Assignment:
Take the entries below and reproduce exactly the portion that begins at the line containing "Véhicule occasion 209886" and ends at the line containing "Best Western Plus", keeping both ends, dropping pictures, and adding nothing else.

Record extracts:
↓

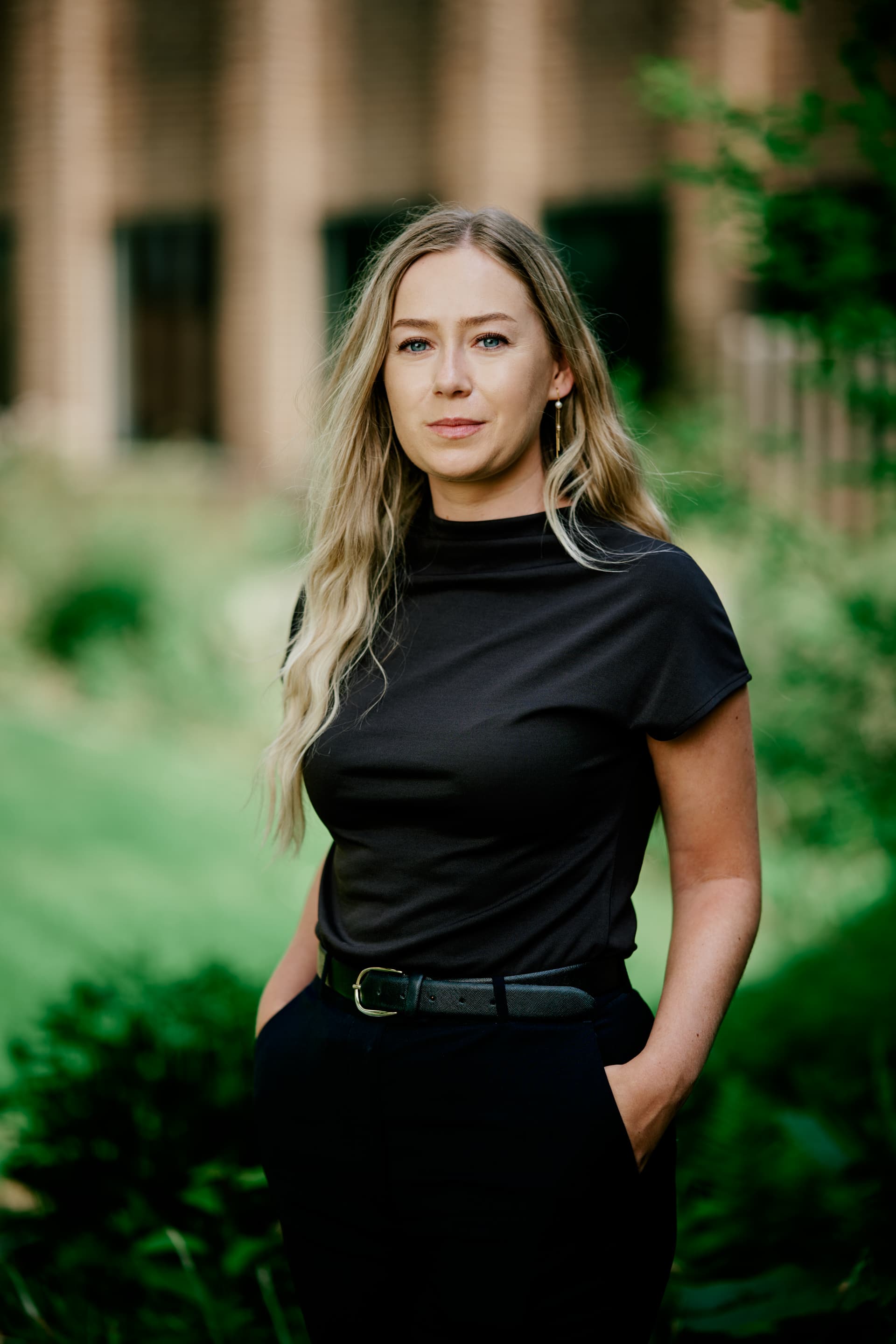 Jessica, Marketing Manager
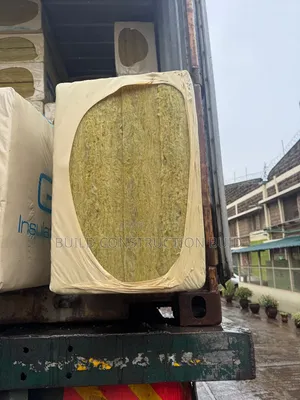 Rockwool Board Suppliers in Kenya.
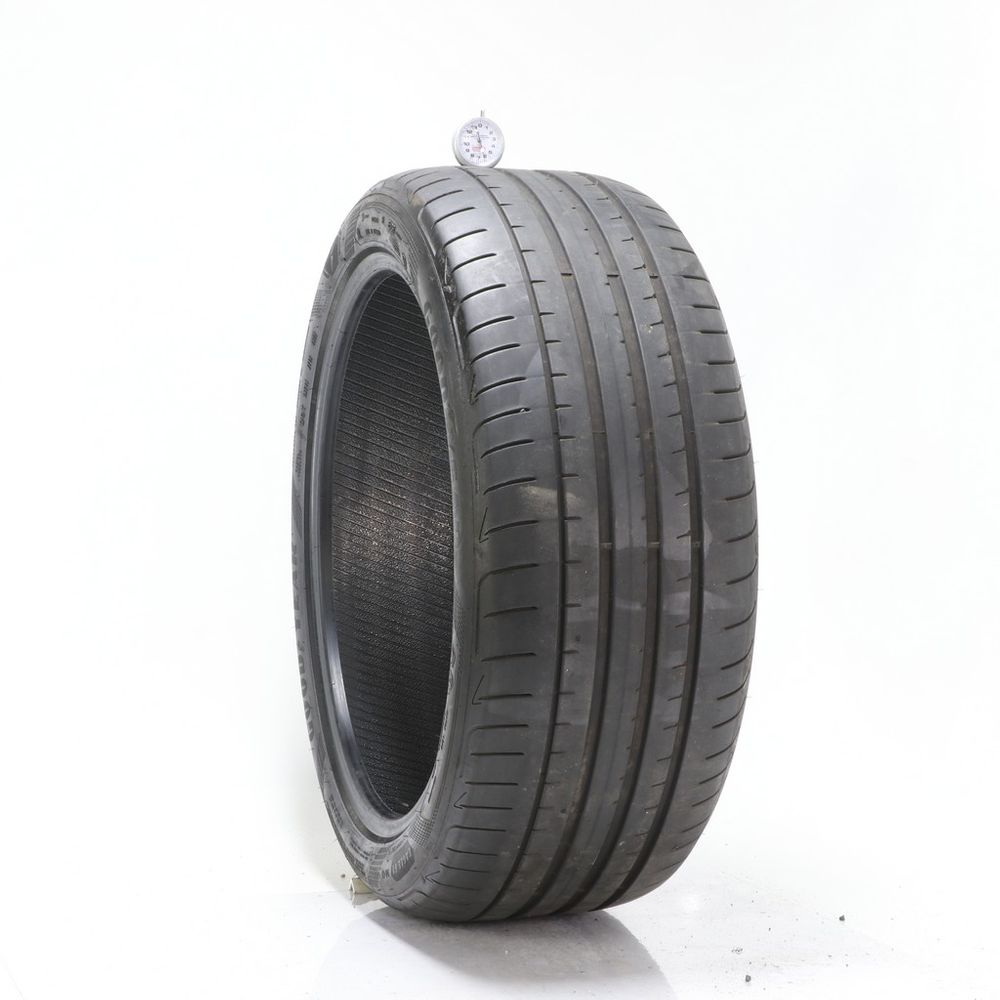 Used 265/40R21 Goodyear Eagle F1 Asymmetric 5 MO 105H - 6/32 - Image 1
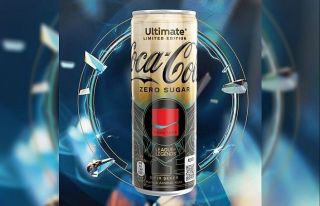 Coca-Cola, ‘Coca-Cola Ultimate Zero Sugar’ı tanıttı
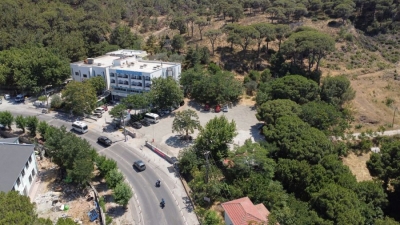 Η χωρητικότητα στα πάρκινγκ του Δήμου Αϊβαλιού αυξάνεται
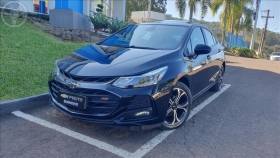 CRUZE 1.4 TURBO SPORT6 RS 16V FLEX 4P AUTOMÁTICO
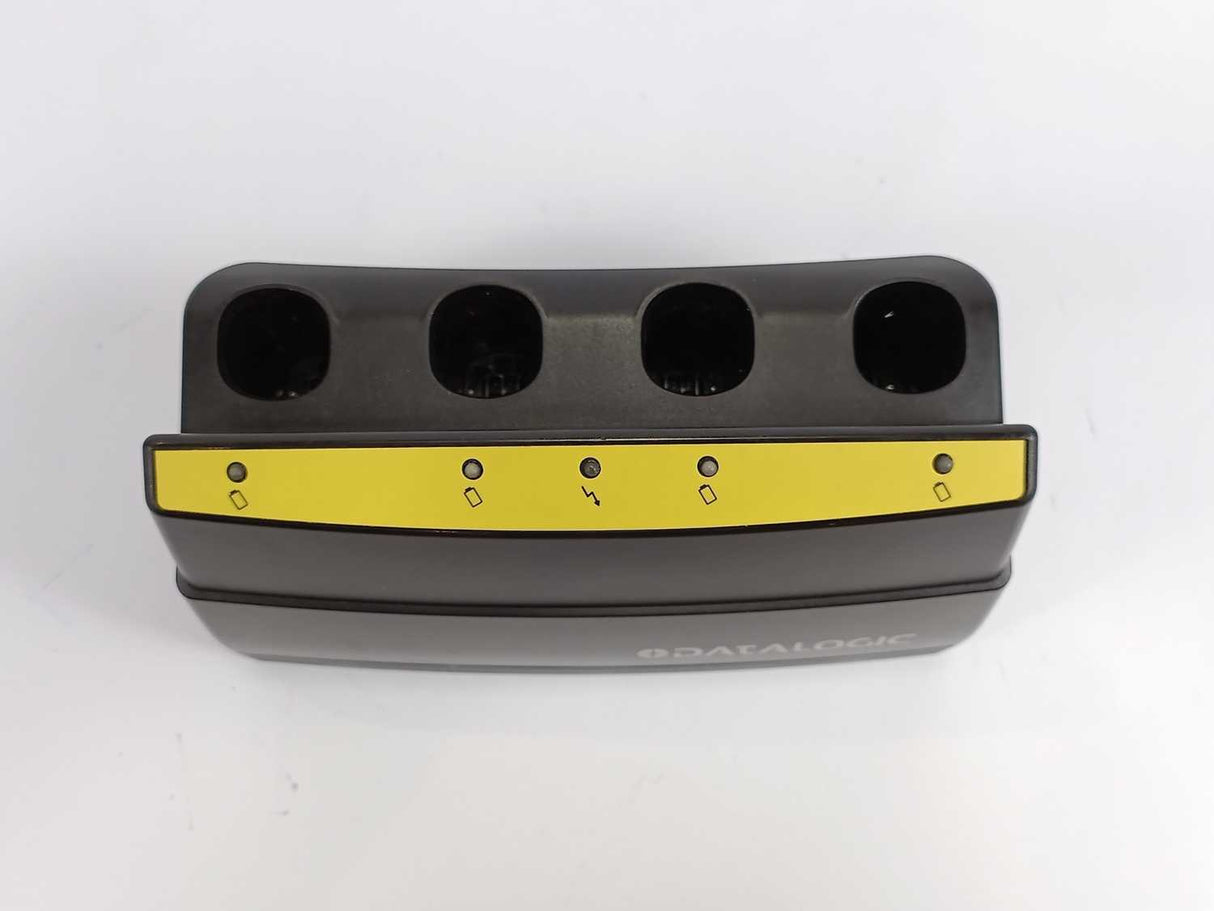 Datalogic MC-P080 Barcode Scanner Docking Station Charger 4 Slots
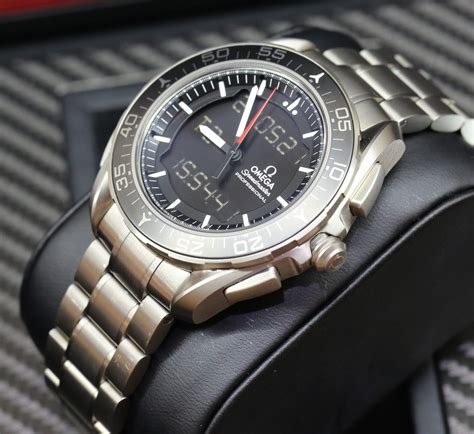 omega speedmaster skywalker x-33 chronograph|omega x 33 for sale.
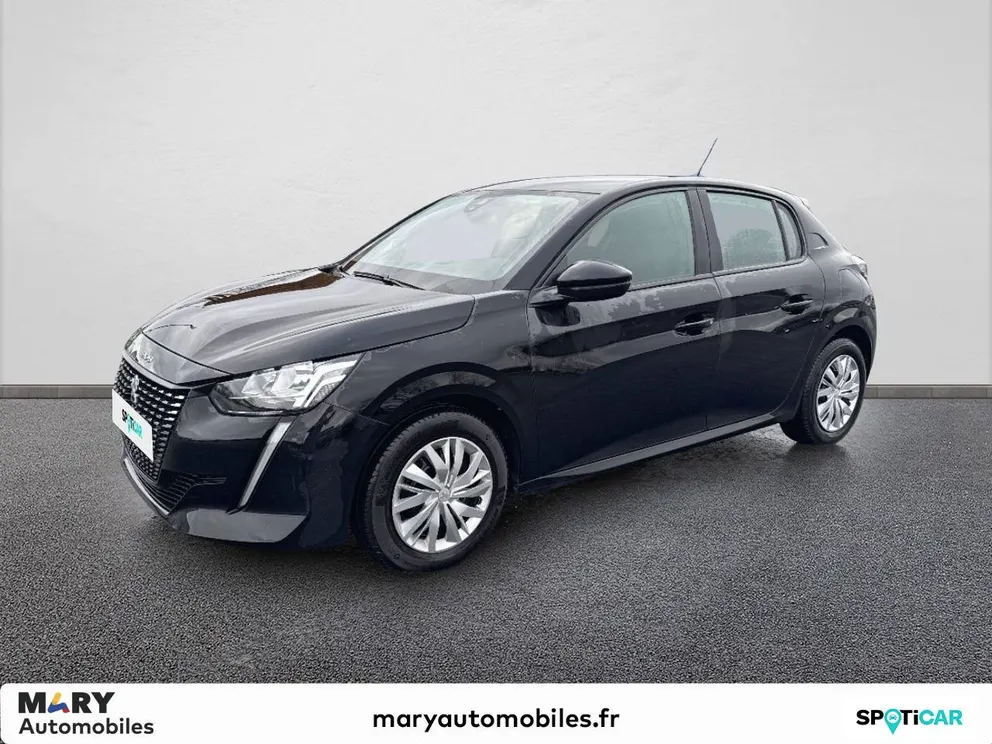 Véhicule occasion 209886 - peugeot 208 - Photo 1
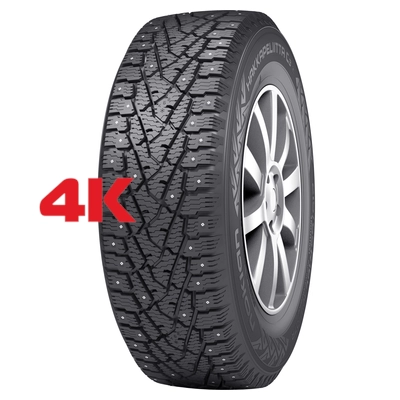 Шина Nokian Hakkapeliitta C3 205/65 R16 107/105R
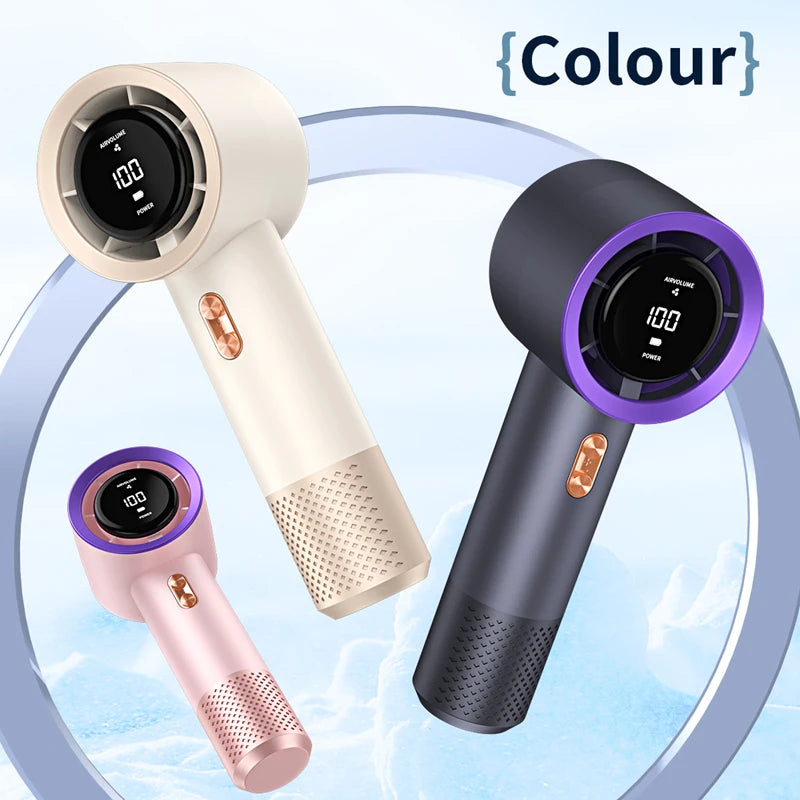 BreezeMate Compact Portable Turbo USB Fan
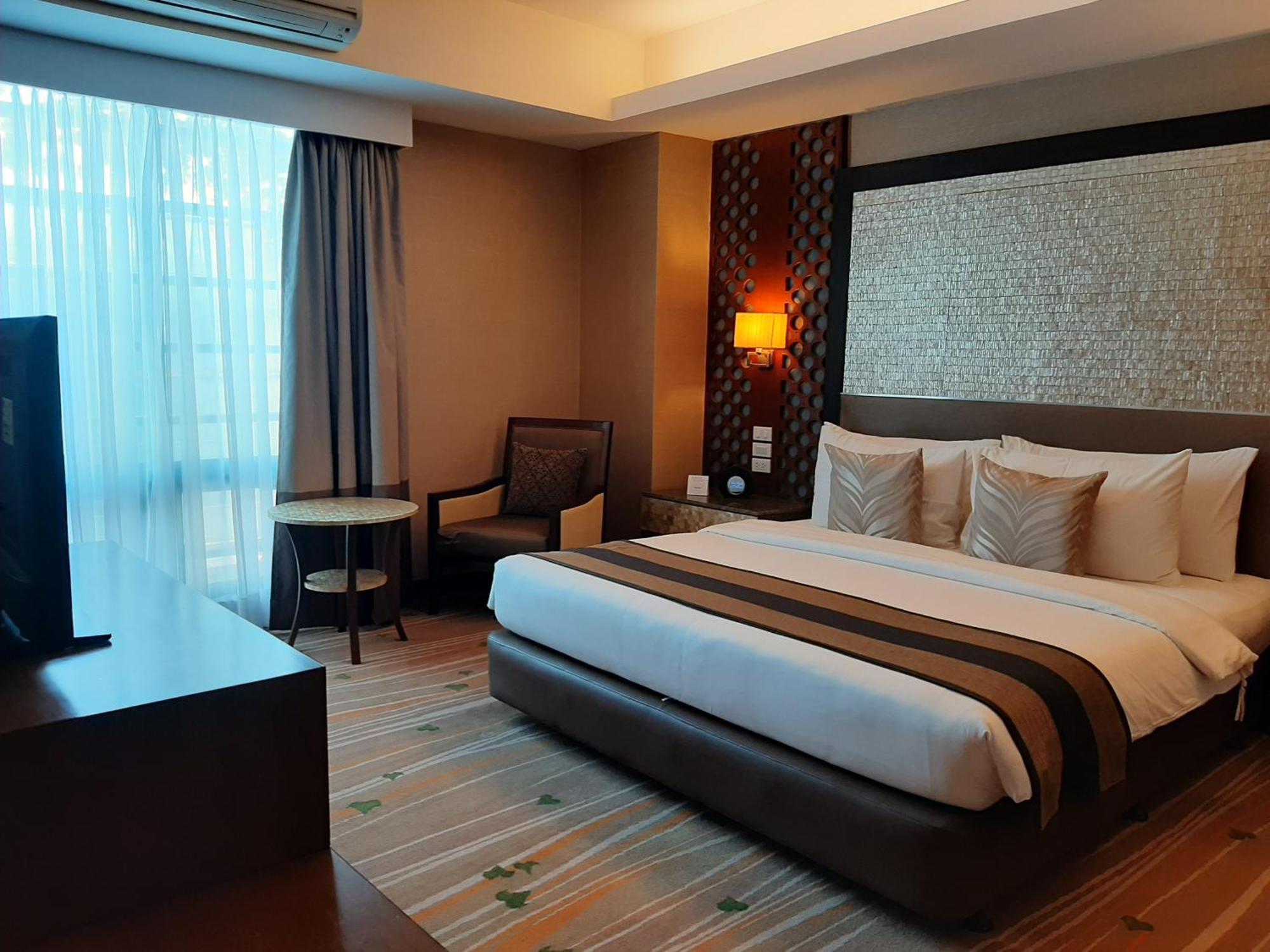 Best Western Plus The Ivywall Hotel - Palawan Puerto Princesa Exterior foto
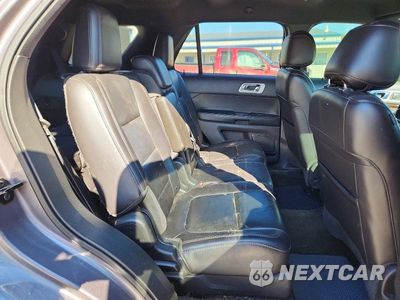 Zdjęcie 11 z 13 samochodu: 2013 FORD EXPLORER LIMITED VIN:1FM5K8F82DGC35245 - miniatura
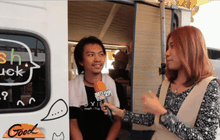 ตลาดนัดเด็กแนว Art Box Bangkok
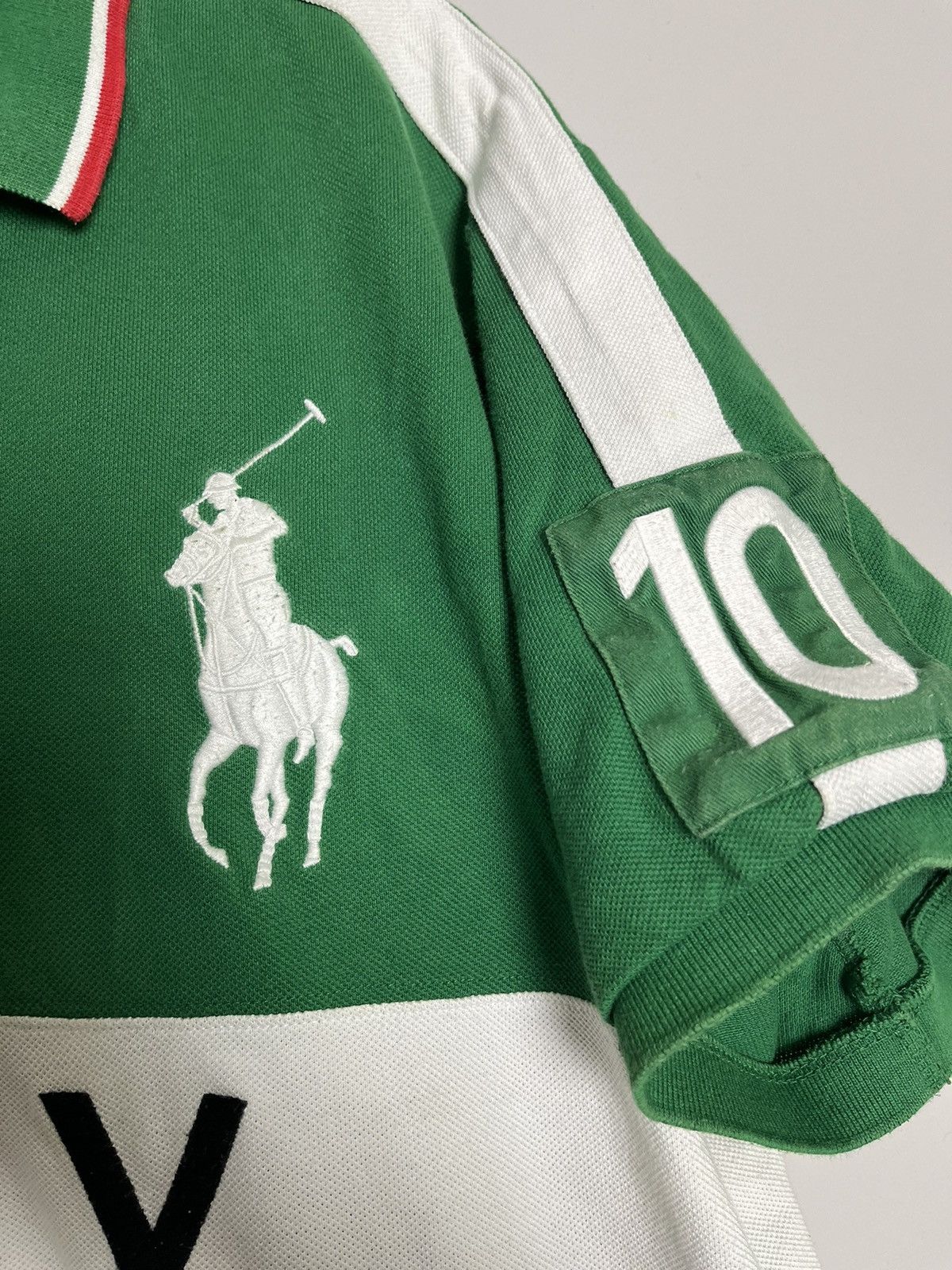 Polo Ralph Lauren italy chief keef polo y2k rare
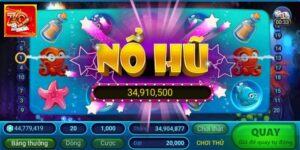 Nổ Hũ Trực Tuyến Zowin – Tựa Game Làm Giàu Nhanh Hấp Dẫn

↑

Answer to the problem:
 Véhicule occasion 209886 - peugeot 208 - Photo 1
 Шина Nokian Hakkapeliitta C3 205/65 R16 107/105R
 BreezeMate Compact Portable Turbo USB Fan
 Best Western Plus The Ivywall Hotel - Palawan Puerto Princesa Exterior foto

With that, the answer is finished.